I.Coast President Ouattara, 83, to seek fourth term

Veteran Ivory Coast President Alassane Ouattara said Tuesday he will seek a fourth term in the west African country, as tensions rise over the exclusion of many opposition candidates.

Ouattara, 83, who has led Ivory Coast since 2011, will be the overwhelming favourite to win the October 25 vote.

Ouattara had already been nominated by his ruling Rally of Houphouetists for Democracy and Peace (RHDP) party, but he waited until Tuesday to confirm he would run.

The opposition has argued a fourth Ouattara term would be unconstitutional.

"I am a candidate because the constitution of our country allows me to run for another term and my health permits it," he said, adding that the world's top cocoa producer was "facing unprecedented security, economic, and monetary challenges, the management of which requires experience".

For the past decade Ouattara has steered Ivory Coast to relative stability, in a turbulent region which has seen a rash of military coups.

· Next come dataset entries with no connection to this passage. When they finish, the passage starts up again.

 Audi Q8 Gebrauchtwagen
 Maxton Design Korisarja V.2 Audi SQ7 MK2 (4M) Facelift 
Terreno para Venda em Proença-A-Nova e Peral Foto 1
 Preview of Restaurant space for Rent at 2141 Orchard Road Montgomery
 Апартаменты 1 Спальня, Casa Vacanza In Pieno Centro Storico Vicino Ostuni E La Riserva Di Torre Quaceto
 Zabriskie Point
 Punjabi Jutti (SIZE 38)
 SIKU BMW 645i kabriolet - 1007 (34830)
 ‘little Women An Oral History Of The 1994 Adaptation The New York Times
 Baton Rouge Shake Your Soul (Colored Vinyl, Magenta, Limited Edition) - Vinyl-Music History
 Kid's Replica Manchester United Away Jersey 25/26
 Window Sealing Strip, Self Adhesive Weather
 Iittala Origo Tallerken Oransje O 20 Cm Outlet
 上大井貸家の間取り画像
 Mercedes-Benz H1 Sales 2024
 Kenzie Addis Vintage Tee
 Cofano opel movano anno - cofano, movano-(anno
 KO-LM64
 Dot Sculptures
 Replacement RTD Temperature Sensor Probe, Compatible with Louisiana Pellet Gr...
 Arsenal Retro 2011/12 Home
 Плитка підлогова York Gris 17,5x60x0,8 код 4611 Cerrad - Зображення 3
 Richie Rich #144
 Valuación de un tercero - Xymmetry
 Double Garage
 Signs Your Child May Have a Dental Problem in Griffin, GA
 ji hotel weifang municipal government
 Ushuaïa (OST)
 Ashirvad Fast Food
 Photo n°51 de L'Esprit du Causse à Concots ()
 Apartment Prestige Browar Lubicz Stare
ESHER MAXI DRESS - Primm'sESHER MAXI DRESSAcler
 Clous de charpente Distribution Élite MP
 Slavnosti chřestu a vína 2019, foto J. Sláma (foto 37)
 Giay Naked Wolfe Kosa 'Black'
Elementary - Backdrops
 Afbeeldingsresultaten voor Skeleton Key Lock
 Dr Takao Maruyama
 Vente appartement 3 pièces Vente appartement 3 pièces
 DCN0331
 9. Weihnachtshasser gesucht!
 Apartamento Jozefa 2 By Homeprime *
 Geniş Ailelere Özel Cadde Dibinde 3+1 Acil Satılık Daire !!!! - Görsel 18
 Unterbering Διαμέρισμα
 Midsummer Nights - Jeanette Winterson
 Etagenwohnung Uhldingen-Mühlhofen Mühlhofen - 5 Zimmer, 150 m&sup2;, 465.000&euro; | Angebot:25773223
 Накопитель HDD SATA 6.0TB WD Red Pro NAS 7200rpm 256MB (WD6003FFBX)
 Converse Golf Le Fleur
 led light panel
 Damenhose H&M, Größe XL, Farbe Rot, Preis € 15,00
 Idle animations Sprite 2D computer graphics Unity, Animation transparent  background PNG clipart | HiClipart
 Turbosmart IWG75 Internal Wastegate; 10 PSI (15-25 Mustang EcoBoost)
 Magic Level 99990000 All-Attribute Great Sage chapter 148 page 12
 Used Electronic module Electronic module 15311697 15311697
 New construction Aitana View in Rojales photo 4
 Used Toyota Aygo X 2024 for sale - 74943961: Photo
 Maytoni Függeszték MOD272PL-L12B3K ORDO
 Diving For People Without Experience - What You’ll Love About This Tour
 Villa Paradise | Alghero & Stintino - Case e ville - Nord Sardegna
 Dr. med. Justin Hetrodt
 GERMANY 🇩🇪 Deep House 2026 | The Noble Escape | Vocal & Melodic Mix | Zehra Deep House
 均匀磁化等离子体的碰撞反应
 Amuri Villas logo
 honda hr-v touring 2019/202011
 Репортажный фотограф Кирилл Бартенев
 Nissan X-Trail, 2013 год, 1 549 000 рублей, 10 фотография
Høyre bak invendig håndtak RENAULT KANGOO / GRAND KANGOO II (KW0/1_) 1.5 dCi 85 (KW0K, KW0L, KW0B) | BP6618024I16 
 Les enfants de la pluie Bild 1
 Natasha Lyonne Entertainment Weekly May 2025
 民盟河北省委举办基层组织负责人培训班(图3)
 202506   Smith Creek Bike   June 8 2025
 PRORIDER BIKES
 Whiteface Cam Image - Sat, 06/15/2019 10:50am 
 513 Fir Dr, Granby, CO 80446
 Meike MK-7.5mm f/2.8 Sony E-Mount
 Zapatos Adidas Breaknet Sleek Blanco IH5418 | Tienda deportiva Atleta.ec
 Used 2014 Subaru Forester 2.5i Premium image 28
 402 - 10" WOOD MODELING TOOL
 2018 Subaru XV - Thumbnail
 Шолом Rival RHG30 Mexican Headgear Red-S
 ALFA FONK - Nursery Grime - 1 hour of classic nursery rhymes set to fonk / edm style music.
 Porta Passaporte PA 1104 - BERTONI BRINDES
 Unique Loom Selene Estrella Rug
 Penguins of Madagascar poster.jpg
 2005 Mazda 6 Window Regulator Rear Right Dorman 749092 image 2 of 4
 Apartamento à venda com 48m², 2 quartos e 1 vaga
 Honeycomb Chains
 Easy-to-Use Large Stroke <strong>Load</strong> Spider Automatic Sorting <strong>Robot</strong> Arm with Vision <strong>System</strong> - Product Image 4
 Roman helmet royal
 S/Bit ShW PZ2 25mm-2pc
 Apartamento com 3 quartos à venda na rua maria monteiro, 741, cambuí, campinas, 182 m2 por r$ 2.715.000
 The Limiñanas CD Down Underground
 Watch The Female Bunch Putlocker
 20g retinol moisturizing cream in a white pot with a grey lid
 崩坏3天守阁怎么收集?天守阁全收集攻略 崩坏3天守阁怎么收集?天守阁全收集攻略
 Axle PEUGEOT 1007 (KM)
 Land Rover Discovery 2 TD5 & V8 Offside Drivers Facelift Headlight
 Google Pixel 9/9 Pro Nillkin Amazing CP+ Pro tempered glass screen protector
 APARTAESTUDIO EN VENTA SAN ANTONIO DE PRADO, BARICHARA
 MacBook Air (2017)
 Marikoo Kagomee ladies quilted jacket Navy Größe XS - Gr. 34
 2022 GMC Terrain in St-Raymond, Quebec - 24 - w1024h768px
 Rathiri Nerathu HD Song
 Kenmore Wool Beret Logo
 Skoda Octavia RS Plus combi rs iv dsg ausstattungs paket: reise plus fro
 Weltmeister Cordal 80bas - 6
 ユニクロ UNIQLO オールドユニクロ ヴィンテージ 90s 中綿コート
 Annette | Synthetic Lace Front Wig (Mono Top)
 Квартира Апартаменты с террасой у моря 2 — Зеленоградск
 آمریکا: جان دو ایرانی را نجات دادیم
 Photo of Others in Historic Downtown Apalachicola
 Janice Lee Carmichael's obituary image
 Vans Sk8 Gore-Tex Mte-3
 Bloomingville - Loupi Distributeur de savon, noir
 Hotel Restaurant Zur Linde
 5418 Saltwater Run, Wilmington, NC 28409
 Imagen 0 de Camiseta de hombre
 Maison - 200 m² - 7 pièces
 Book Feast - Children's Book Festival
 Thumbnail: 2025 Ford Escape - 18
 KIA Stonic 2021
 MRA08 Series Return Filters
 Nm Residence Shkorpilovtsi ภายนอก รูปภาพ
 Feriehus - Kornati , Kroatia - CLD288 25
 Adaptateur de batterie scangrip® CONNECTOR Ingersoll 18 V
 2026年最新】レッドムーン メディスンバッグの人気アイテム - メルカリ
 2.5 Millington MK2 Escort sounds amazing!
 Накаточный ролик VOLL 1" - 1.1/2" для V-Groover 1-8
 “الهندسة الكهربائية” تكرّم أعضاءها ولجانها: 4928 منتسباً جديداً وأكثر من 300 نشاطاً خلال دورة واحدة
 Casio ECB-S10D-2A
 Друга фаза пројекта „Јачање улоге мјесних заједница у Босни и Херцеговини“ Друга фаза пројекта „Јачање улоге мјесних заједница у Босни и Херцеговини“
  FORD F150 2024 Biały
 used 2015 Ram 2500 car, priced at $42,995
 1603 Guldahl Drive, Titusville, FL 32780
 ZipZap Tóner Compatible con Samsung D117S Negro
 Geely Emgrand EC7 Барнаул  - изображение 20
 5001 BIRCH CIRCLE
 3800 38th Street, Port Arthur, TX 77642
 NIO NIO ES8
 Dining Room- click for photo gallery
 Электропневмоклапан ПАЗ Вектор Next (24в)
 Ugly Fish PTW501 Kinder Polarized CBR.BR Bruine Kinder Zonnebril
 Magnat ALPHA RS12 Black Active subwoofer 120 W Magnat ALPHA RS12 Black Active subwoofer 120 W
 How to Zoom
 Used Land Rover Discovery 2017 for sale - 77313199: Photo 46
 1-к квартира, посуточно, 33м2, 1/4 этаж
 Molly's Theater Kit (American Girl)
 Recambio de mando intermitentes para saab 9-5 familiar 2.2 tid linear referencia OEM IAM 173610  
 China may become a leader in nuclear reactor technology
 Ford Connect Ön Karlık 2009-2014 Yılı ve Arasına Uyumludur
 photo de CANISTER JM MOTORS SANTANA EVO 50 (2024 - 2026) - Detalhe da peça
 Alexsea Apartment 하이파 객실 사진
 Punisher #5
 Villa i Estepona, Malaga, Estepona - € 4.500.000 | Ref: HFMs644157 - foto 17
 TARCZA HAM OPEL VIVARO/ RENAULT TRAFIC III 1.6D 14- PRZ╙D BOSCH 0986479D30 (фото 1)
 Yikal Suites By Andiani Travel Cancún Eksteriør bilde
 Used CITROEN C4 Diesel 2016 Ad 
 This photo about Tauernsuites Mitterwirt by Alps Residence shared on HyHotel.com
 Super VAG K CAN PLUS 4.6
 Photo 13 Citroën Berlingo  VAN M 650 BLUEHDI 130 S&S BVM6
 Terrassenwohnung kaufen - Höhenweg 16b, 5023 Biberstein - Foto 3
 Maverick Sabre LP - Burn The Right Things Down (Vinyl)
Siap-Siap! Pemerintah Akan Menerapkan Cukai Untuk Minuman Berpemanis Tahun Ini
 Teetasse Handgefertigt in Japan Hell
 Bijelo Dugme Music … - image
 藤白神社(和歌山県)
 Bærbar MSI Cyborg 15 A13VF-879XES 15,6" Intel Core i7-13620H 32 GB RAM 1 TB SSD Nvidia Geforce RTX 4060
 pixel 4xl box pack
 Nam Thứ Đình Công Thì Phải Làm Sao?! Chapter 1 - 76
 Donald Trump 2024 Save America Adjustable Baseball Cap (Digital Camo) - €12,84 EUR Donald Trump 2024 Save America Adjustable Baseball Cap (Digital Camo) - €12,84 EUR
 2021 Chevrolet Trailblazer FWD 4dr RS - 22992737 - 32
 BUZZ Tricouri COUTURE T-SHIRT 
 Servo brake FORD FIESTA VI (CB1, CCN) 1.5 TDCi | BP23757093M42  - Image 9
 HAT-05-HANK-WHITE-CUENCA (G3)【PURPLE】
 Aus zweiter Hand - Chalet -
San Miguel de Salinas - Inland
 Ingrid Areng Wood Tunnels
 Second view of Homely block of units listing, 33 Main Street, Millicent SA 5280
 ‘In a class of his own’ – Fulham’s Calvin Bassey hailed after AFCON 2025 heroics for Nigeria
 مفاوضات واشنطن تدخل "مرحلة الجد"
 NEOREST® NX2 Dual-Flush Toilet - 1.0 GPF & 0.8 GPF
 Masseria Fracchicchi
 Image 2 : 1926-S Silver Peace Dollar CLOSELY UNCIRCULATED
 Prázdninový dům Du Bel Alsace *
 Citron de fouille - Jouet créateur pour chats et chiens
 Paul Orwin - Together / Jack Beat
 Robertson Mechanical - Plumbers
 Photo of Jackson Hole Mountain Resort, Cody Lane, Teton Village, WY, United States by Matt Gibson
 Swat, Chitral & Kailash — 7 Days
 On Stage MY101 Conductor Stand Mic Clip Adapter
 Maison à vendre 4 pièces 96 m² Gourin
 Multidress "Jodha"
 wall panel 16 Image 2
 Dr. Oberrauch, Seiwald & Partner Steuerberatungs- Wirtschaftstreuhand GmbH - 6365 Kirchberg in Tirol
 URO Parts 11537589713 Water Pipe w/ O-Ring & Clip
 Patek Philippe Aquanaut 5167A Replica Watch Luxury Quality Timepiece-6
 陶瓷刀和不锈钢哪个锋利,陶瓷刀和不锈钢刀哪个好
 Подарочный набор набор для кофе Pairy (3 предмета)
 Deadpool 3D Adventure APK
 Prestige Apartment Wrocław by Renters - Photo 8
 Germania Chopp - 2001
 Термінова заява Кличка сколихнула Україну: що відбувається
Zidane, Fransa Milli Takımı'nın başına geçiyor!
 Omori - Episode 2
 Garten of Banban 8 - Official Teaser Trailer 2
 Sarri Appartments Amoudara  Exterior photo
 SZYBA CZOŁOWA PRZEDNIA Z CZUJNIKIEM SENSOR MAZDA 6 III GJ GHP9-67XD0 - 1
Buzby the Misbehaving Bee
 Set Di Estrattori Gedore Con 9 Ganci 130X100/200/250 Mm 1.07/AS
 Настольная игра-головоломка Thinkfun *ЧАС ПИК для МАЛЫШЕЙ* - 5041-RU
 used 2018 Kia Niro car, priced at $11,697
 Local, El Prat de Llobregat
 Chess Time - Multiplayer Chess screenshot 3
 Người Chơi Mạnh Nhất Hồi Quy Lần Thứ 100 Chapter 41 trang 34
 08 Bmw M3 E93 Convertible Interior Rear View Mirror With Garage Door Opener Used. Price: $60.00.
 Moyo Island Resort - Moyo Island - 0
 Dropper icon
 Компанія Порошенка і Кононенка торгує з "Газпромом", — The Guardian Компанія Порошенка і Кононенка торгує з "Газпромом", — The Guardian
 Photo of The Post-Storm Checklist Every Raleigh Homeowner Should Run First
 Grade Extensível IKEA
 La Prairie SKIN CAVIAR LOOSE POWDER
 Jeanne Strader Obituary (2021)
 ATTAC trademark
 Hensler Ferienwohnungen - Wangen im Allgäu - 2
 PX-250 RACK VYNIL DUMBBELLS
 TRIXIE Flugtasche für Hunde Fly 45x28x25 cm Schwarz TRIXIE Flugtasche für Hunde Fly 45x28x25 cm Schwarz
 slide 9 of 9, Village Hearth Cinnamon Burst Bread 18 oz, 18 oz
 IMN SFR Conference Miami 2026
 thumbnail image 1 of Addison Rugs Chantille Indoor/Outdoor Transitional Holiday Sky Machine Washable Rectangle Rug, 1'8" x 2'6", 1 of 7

Yet critics accuse him of tightening his grip on power.

The opposition has also accused the authorities of using courts to exclude opponents. The government insists the judiciary acts independently.

The two main opposition parties have launched a joint campaign to demand the reinstatement of their barred leaders ahead of the election.

- 'Attack on democracy' -

The alliance brings together the African People's Party of Ivory Coast (PPACI) -- led by former president Laurent Gbagbo -- and the Democratic Party of Ivory Coast (PDCI), the country's largest opposition force, headed by former international banker Tidjane Thiam.

Gbagbo, his former right-hand man Charles Ble Goude and ex-prime minister Guillaume Soro have been struck from the electoral register due to criminal convictions.

Thiam was also excluded by the judiciary over nationality issues.

"The announcement made today by Mr Ouattara constitutes a violation of our constitution and a new attack on democracy," Thiam said in a statement.

A lawyer for Thiam, Mathias Chichportich, told AFP that a United Nations human rights committee had called for Ivory Coast to allow the opposition figure to "exercise his political rights" and run in the upcoming vote.

Likewise an official from Gbagbo's party, Damana Pickass, told the press Ouattara's mandate was "unconstitutional".

Pascal Affi N'Guessan, who will run to unseat Ouattara for the Ivorian Popular Front (FPI), called it "a candidacy as illegal as his third".

Critics had already questioned the legality of Ouattara's third mandate as the law limited him to two, until the adoption of a new constitution in 2016 reset the term counter to zero.

The opposition boycotted the 2020 vote and Ouattara won by a landslide, with at least 85 people killed in the ensuing unrest.

- Power struggle-

Ouattara worked at the International Monetary Fund and the west African regional bank BCEAO and entered politics when Ivory Coast's founding president, Felix Houphouet-Boigny, appointed him to chair a body on economic recovery in the midst of an economic crisis.

As Houphouet-Boigny's health worsened, Ouattara assumed increasing responsibility for the country's affairs.

When the ailing president died in December 1993, Ouattara was embroiled in a brief power struggle with Henri Konan Bedie, the speaker of parliament, and then left Ivory Coast to join the IMF.

In 1995, he joined the Rally of the Republicans (RDR) party and planned on running as their presidential candidate.

But he was barred from doing so following new laws requiring both parents of a candidate to be of Ivorian birth and for the candidate to have lived continuously in Ivory Coast prior to an election.

He was barred from polls in 2000 on the same grounds. A failed coup two years later led to a civil war that divided the country into rebel-held and predominantly Muslim north, where Ouattara drew much of his support, and the government-controlled Christian-majority south.

Ouattara, who was subjected to violence during the unrest, left the country but returned to contest an election in 2010.

Then-president Gbagbo's refusal to concede electoral defeat to Ouattara led to more unrest, in which more than 3,000 people were killed, before Ouattara became president in 2011.

Gbagbo was acquitted of crimes against humanity by the International Criminal Court in The Hague but still has a conviction in Ivory Coast stemming from the post-election crisis that ended his rule.